Phase-II was to be held under 50% competent authority quota.

Hyderabad: In a setback to the state government and the Kaloji Narayana Rao Health University, the Telangana High Court on Wednesday stayed the MBBS, BDS and other medical courses admissions made in the second phase of counselling under the 50 per cent competent authority quota.

A division bench comprising Justice Sanjay Kumar and Justice P. Keshav Rao gave the interim order while hearing a petition filed by Nootenki Bhavana and four other students from Adilabad, Wanapa-rthi and Nirmal districts.

The petitioners had alleged that there were irregularities in the admission process adopted by the university and had denied the rights of reservation category students contemplated under GO114 and GO 550. They said that according to a Supreme Court judgment, the authorities must follow GO 550 to select students for engineering, medical, and other professional courses. A. Satya Prasad, senior counsel representing the petitioners, said that the reserved seats were filled up first and the OC category later, when the open competition seats were supposed to be filled first before taking up the reserved seats.

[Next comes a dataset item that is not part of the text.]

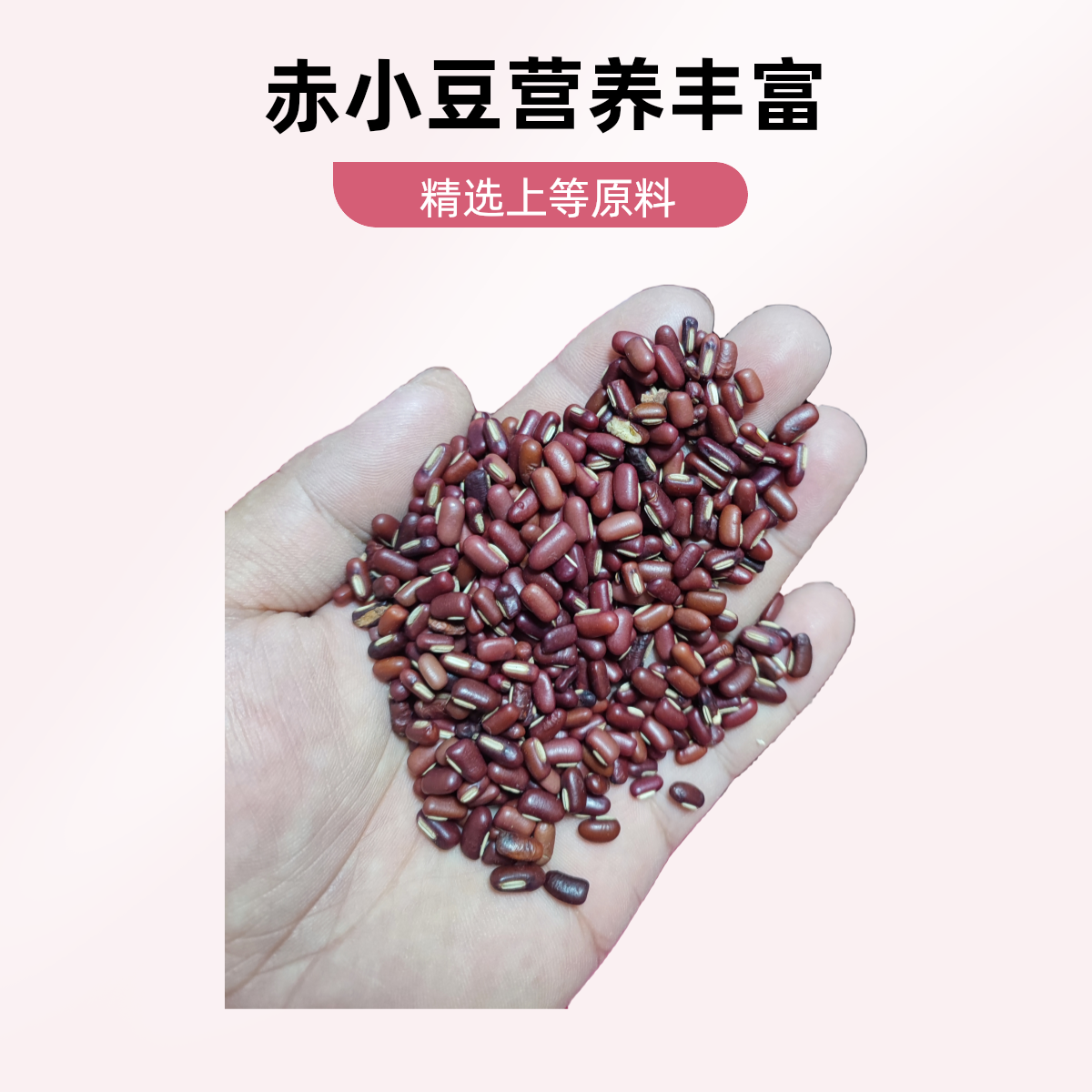 当季新货长粒赤小豆可搭配薏米煮粥煲汤的五谷杂粮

He said that because of this, reserved candidates who got high marks were given seats in the reserved category, though they stood a good chance in the merit list.

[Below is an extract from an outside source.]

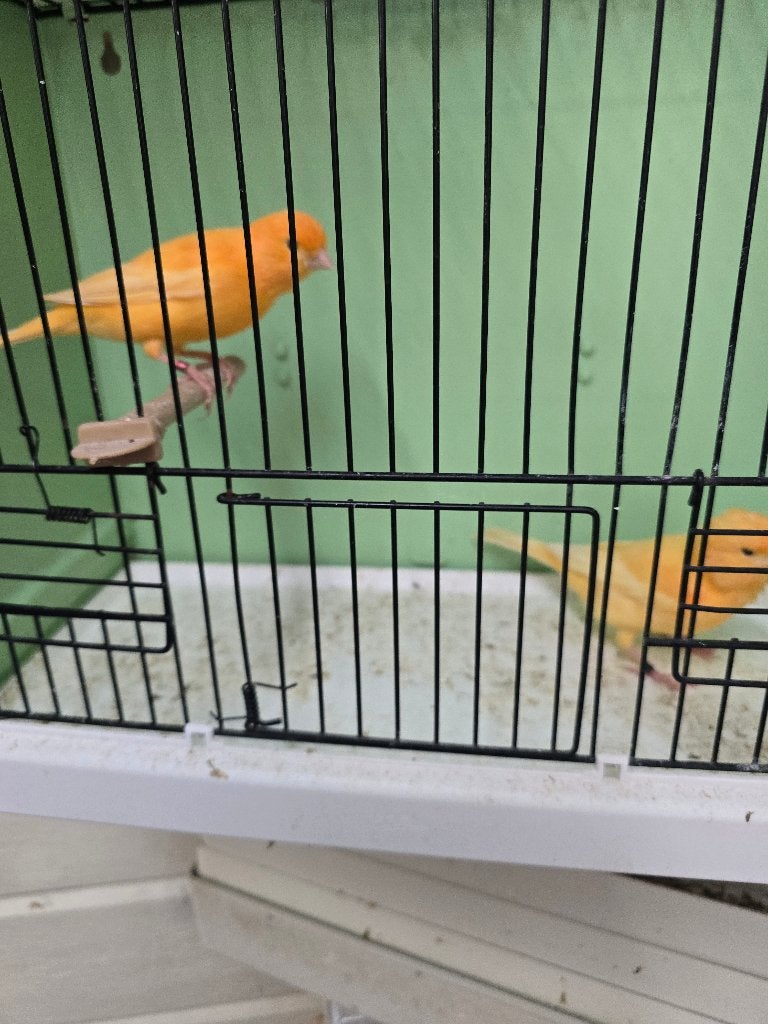 Oranje kanarie mannen, Dieren en Toebehoren, Mannelijk, Kleurkanarie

“If the OC category seats were filled up at the first instance, these candidates would have got seats under it. Several SC, ST and BC students would have got seats now occupied by these candidates,” Mr Prasad said.

The petitioners said the number of MBBS seats was 2,535, apart from 330 minority college seats. Of these, or 1,267, were to be allotted to students from reserved categories, excluding the merit reserved candidates.

By virtue of the faulty procedure adopted by the competent authority, many candidates entitled to get seats in the open category were compelled to take seats in the reserved category.

The petition said the cut-off marks in the OC category was 509 and cut-off rank 43,868. If proper procedure was followed, the cut-off would have been 512 and many reserved category candidates could have secured seats. They listed the cut-off marks as follows: SC: 420 marks (Rank: 1,09,080); ST: 443 marks (Rank: 88,880); BC-A: 421 marks (Rank: 1,02,981); BC-B: 485 marks (Rank: 58,293); BC-C: 445 marks (Rank: 87,265); BC-D: 481 marks (Rank: 61,005); BC-E: 444 marks (Rank: 88,368).

After verifying the records, the bench felt wrong had been done and stayed the admission process pertaining to the second phase. The first phase admissions may remain intact as the petitioners said they had no grievance because GO 550 was followed in that phase. The matter has been posted to August 13.